RECORDED INFORMATION -

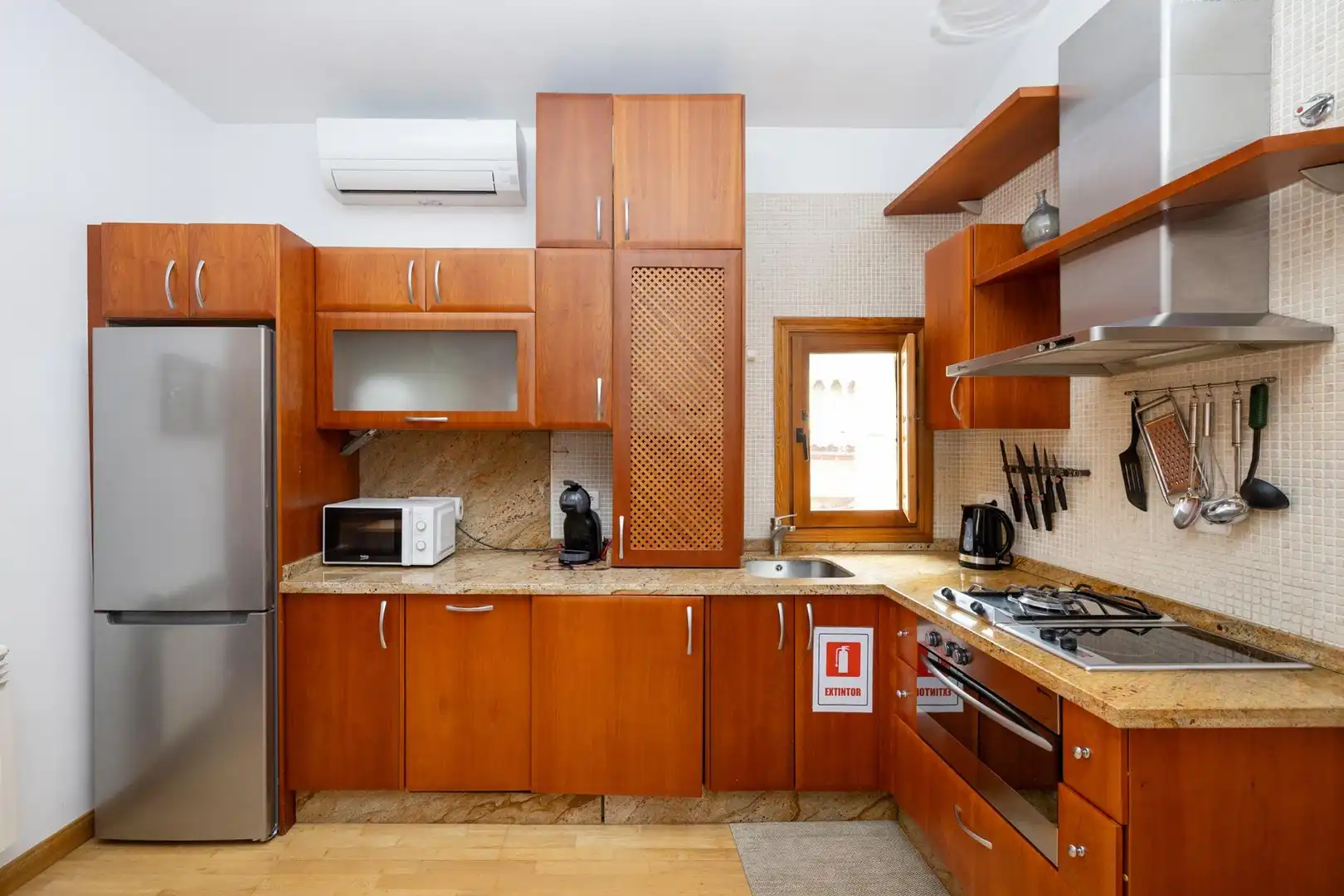 Kitchen of Attic for sale in Granada  with Air Conditioner, Heating and Terrace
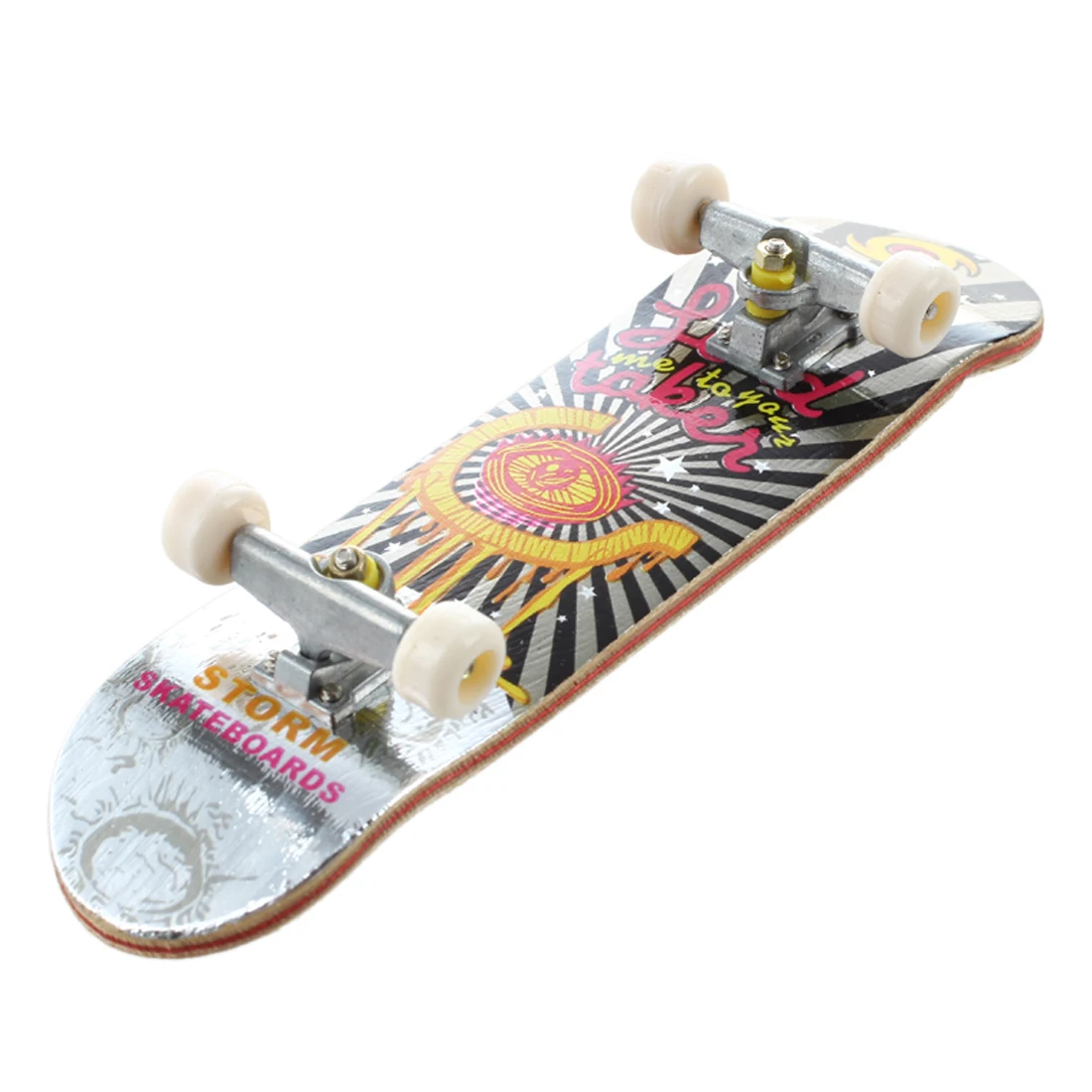 Горячая Распродажа HT00640 Fingerboard Finger Skate Board + отвертка с случайным рисунком| |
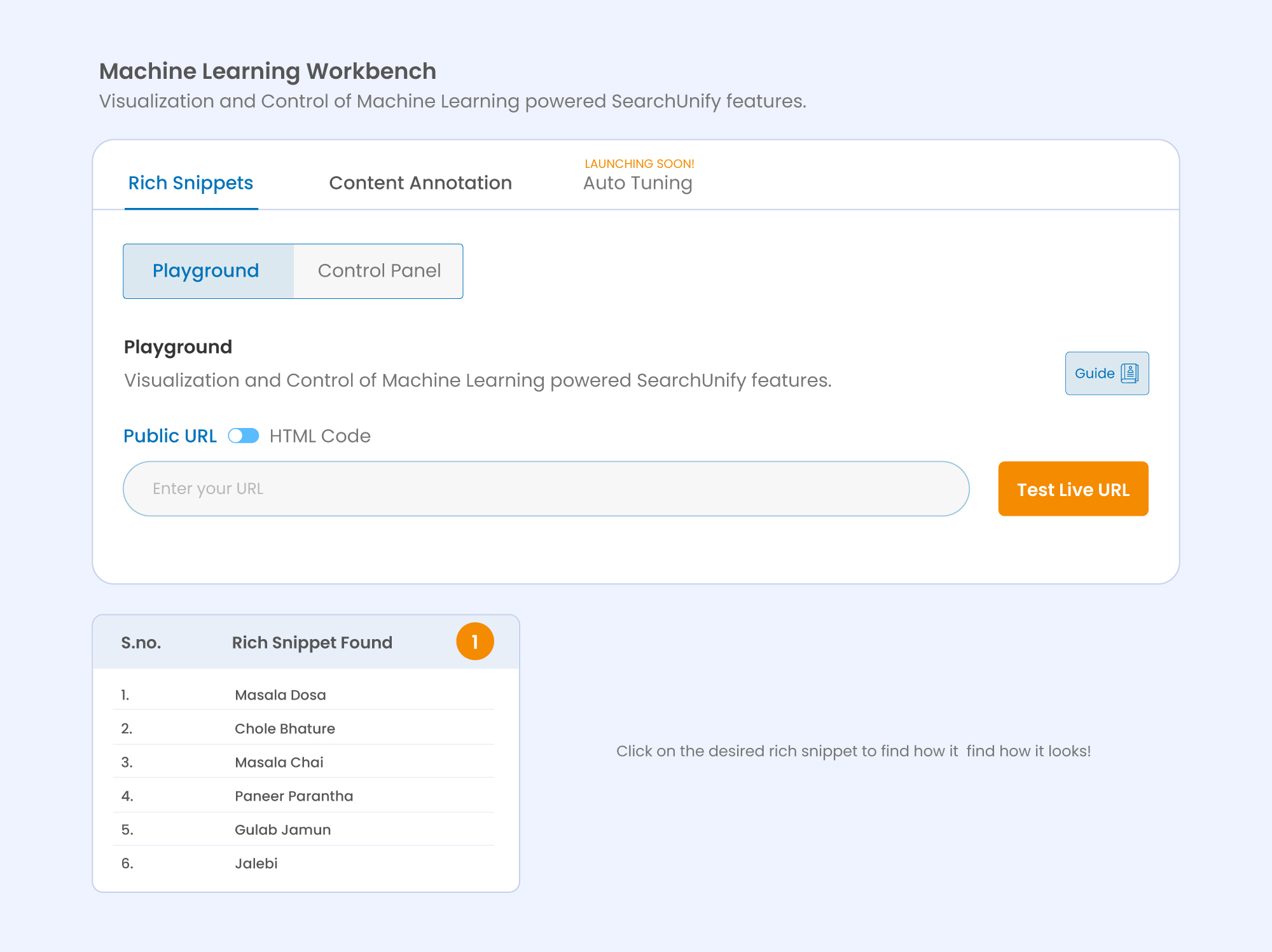 Machine Learning Is No Longer An Expert’s Arena: Incoming ML Workbench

YOUR ASSIGNMENT -
Would you please repeat all the data word for word, but without the pictures?

TASK SOLUTION -
 Kitchen of Attic for sale in Granada  with Air Conditioner, Heating and Terrace
 Горячая Распродажа HT00640 Fingerboard Finger Skate Board + отвертка с случайным рисунком| |
 Machine Learning Is No Longer An Expert’s Arena: Incoming ML Workbench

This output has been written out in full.